The predecessor of organized sociology was the American Social Science Association, an umbrella under which a diverse lot of post-abolitionist movements congregated. If everything was “sociology” or “social science,” nothing was. The Association dissolved in 1909, four years after the American Sociological Society formed. The new professional association concerned itself with the scientific study of society. However, as Williams and MacLean document, the scientific study of society was already in place, and it was in the settlement houses that it had emerged. Financially comfortable but occupationally disqualified educated women and a few social gospel-oriented men settled in low-income urban areas and both conducted research and organized movements for social reform. For their research, they familiarized themselves with the lifeways and perspectives of the inner city immigrant and African American neighborhoods and collected facts that would be useful in presentations to municipal, state, and federal commissions, usable in legal briefs, and directed toward raising the consciousness of the reading public. The ever present theme in the many reports, articles, books, and legal briefs was the bridging of the growing class divide.
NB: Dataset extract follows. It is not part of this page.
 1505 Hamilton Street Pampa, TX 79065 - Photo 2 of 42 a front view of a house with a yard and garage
The best-known settlement was Hull-House in Chicago (the focus of chapter three), and its guiding inspiration was Jane Addams. Other published researchers at Hull-House, sometimes writing under the auspices of the Chicago School of Civics and Philanthropy, were Florence Kelley, Julia Lathrop, Alice Hamilton, Sophronisba Breckenridge, Edith Abbott, and Grace Abbott. The 1895 collective volume of the Hull-House residents, Hull-House Maps and Papers, represents the methodologies that were adopted by settlement sociologists and later by academic urban sociologists.
Interestingly, because of interference from meat company owners who sat on the boards of the University of Chicago and the University of Chicago Settlement (the focus of chapter four), that settlement was less free than others to conduct surveys and publish findings. Nevertheless, Ernest Talbot, Louise Montgomery, and John Kennedy managed to publish some 1910–11 data. An unpublished heath survey from that settlement reached President Theodore Roosevelt and led to a federal meat inspection act.
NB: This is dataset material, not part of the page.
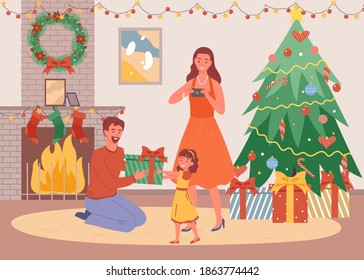 Christmas evening at home, Father gives daughter a present, happy parents and child celebrate Christmas, stay home, New Year and winter holidays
Graham Taylor’s Chicago Commons (chapter five) began as a personal social gospel ministry. Taylor was a professor of Christian Sociology at Chicago Theological Seminary who staffed the Commons partly with his students. He also founded and taught at the Chicago School of Civics and Philanthropy, founded and wrote for a publication that was later named Survey, and wrote a column for a Chicago newspaper. When the University of Chicago and Northwestern University sociology departments developed their research programs, he turned to writing social ethics.
Boston’s South End House (chapter six) was founded by a social gospel lay advocate, Robert Woods, whose intent was to open an urban research laboratory. Much of the data collection at South End was done by Albert Kennedy, and the resultant reports were co-authored by Woods and Kennedy. Their focus was on housing conditions. An unfinished manuscript, delayed by World War I and a larger national charities study, dating from the time Robert E. Park resided in the Boston area, anticipated the later Park/Burgess concentric zone model of urban ecology.
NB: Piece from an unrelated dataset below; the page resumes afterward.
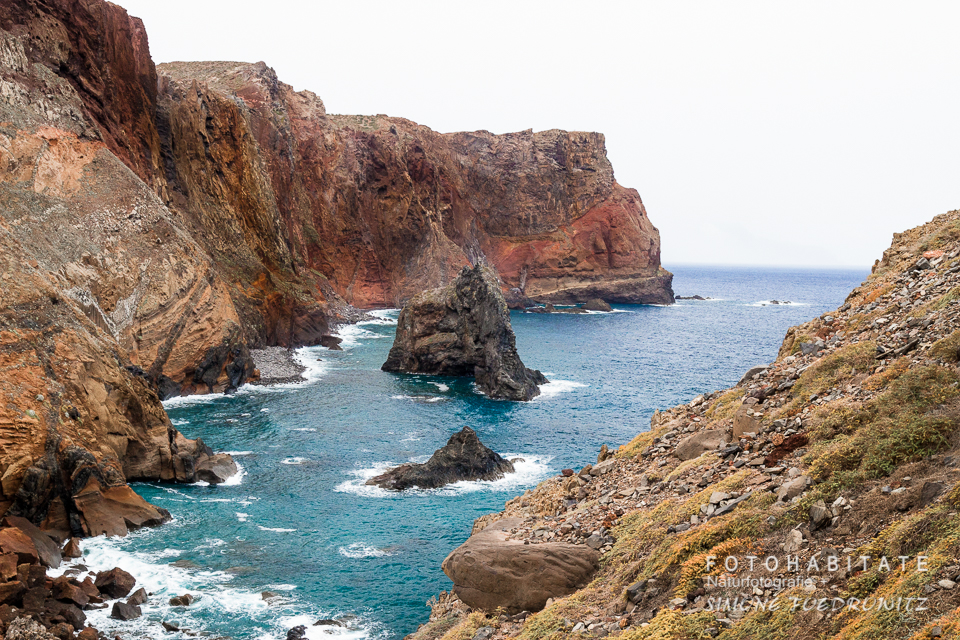 orangegelbe Felsbucht mit blauem Meer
Alumnae of women’s colleges, led by Vida Scudder, independently formed College Settlements in New York (1889), Philadelphia (1892), Boston (1892), and Baltimore (merged into the College Settlement Association in 1910). The CSA (chapter seven) placed less emphasis on research than did the other settlements, but it provided fellowships for those who wanted to conduct research using the settlements as a base. After 1917, their programs gravitated toward social work. Eleanor Roosevelt, among others, volunteered at the New York house. Isabel Eaton conducted a study of garment workers there, and Frances Kellor, after receiving no financial support from the University of Chicago, went to the New York College Settlement to study female unemployment and employment agency corruption. A one-time resident at the Denison House in Boston, Emily Greene Balch, wrote Our Slavic Fellow Citizens, which resembled but predated the famous Thomas and Znaniecki Polish Peasant volumes. Isabel Eaton, formerly of Hull-House, went to the Philadelphia CSA house and worked with W.E.B. DuBois on The Philadelphia Negro, which CSA co-sponsored with the University of Pennsylvania. In fact, DuBois and his wife lived at the settlement.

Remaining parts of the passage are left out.